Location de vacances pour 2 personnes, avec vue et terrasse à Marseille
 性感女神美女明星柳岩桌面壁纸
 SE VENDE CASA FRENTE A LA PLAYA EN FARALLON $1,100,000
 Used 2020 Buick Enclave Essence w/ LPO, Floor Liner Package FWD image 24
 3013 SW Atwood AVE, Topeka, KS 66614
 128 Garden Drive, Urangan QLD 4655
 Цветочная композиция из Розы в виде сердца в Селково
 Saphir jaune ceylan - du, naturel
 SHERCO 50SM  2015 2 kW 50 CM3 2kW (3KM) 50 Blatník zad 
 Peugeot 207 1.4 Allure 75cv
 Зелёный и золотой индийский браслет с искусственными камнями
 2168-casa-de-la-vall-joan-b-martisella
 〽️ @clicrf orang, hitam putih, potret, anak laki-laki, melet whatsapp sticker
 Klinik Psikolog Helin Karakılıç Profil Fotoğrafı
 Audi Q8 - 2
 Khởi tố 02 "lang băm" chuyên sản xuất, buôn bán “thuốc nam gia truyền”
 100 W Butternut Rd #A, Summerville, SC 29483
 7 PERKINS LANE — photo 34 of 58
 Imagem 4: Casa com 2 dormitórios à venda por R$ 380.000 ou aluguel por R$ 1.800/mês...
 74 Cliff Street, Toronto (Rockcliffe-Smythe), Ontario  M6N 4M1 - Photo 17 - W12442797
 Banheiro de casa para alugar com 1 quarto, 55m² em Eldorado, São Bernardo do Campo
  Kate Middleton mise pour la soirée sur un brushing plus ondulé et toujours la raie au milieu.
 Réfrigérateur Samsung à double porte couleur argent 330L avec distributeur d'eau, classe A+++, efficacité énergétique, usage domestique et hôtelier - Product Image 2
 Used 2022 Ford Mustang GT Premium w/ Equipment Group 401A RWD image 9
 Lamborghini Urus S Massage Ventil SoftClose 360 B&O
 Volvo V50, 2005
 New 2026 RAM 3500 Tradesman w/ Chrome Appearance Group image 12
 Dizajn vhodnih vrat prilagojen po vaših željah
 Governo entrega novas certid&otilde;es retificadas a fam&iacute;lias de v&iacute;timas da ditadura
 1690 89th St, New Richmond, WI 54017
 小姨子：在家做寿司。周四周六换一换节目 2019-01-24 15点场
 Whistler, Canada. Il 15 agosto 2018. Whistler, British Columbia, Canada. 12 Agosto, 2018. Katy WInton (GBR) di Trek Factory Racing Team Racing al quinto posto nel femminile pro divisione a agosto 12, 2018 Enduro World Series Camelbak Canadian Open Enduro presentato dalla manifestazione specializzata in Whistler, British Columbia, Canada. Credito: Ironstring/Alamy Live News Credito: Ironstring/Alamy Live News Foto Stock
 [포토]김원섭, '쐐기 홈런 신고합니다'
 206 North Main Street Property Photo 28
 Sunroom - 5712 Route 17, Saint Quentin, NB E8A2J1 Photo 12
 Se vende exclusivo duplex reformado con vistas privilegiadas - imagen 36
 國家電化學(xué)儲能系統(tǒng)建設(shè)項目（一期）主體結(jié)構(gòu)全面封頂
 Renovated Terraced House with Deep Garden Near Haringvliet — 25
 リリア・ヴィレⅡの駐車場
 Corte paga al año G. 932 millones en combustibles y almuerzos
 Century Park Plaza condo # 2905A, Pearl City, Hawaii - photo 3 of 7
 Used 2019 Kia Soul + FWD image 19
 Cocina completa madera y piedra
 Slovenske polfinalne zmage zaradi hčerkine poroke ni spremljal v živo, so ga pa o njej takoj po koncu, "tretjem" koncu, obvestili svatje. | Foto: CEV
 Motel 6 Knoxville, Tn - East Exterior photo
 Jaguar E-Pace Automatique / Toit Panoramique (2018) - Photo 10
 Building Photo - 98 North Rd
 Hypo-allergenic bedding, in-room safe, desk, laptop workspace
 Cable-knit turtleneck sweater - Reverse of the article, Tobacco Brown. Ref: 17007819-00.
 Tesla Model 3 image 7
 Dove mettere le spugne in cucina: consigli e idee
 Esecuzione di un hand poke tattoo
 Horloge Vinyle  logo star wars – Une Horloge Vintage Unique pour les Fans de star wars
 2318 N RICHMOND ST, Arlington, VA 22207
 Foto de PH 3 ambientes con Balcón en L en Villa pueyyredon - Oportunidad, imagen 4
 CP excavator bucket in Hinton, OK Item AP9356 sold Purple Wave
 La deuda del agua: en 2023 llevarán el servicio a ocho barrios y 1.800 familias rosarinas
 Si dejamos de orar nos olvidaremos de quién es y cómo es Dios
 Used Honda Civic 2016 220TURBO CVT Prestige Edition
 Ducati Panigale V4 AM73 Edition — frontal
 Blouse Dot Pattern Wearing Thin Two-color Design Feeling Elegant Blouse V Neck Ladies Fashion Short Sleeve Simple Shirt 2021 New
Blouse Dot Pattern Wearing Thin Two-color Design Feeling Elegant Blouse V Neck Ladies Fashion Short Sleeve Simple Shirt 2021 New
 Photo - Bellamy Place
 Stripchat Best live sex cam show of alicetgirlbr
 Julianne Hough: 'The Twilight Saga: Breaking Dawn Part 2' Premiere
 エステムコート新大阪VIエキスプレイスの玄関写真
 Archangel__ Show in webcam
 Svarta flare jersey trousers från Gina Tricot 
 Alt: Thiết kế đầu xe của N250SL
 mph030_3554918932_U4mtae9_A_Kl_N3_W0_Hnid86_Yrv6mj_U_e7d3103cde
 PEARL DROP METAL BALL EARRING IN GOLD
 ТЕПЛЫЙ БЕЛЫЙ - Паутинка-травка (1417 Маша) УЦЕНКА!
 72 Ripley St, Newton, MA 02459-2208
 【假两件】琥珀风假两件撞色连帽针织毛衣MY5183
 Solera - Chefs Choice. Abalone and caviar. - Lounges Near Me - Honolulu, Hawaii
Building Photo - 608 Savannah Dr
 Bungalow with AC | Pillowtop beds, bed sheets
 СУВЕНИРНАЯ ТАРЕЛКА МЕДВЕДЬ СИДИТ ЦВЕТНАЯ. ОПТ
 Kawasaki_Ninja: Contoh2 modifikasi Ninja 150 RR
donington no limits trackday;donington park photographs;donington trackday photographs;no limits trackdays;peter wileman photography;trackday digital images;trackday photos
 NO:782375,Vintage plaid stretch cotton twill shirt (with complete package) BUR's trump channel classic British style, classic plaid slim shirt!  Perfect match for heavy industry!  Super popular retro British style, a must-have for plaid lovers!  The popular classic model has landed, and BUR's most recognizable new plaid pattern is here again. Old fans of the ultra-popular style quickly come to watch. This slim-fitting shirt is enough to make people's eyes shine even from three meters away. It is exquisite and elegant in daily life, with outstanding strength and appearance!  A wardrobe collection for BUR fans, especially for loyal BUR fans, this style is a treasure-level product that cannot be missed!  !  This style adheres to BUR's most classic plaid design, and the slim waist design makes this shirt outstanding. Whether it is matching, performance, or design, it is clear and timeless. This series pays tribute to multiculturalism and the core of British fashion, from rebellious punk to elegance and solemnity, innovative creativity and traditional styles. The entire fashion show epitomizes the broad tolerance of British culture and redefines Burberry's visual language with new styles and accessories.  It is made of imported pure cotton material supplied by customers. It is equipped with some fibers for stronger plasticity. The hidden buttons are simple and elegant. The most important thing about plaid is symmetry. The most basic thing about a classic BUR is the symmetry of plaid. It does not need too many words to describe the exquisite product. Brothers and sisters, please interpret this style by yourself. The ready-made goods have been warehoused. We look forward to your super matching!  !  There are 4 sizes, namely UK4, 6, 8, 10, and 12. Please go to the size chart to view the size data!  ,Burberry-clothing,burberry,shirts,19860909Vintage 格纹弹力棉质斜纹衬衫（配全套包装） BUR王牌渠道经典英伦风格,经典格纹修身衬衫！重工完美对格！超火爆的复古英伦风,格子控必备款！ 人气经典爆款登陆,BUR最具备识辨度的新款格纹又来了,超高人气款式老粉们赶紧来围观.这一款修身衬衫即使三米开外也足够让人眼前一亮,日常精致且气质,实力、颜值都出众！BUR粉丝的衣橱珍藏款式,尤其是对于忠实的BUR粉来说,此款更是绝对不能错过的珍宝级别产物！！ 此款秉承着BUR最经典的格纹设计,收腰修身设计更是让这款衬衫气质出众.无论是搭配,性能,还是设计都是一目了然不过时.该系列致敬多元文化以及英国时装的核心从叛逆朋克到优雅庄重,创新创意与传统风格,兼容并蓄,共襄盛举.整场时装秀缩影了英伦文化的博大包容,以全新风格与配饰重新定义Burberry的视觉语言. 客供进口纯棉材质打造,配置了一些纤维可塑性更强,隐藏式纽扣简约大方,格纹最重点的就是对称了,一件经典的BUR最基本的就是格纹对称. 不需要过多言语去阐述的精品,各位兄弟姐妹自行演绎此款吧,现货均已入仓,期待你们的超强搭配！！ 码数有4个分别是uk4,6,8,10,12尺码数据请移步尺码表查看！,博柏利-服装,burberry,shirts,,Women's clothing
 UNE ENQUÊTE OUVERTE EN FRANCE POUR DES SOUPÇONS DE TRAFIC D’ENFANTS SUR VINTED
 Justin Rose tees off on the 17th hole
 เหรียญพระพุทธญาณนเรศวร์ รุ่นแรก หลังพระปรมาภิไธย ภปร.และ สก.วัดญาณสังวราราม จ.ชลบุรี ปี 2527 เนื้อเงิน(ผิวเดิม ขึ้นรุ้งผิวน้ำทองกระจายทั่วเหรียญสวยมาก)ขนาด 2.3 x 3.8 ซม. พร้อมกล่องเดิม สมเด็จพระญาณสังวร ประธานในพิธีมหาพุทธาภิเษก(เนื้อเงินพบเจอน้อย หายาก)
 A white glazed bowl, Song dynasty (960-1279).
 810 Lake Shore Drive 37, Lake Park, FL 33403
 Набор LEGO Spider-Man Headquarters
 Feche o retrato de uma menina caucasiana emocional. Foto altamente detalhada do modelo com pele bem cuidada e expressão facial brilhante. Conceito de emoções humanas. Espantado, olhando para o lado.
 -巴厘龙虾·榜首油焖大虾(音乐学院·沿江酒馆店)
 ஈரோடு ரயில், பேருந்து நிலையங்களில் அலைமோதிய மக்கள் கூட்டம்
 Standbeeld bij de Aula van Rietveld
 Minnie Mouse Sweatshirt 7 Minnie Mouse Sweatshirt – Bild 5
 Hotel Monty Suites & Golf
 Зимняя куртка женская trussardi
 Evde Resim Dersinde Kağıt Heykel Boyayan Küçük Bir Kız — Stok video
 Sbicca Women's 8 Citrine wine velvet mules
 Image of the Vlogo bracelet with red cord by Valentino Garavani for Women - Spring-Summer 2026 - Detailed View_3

========================================================================

Please give back exactly the lines of this listing beginning at the line with "Peugeot 207 1.4 Allure 75cv" and ending with the line with "Réfrigérateur Samsung à", both included, and nothing else.

== Solution to this problem ==
 Peugeot 207 1.4 Allure 75cv
 Зелёный и золотой индийский браслет с искусственными камнями
 2168-casa-de-la-vall-joan-b-martisella
 〽️ @clicrf orang, hitam putih, potret, anak laki-laki, melet whatsapp sticker
 Klinik Psikolog Helin Karakılıç Profil Fotoğrafı
 Audi Q8 - 2
 Khởi tố 02 "lang băm" chuyên sản xuất, buôn bán “thuốc nam gia truyền”
 100 W Butternut Rd #A, Summerville, SC 29483
 7 PERKINS LANE — photo 34 of 58
 Imagem 4: Casa com 2 dormitórios à venda por R$ 380.000 ou aluguel por R$ 1.800/mês...
 74 Cliff Street, Toronto (Rockcliffe-Smythe), Ontario  M6N 4M1 - Photo 17 - W12442797
 Banheiro de casa para alugar com 1 quarto, 55m² em Eldorado, São Bernardo do Campo
  Kate Middleton mise pour la soirée sur un brushing plus ondulé et toujours la raie au milieu.
 Réfrigérateur Samsung à double porte couleur argent 330L avec distributeur d'eau, classe A+++, efficacité énergétique, usage domestique et hôtelier - Product Image 2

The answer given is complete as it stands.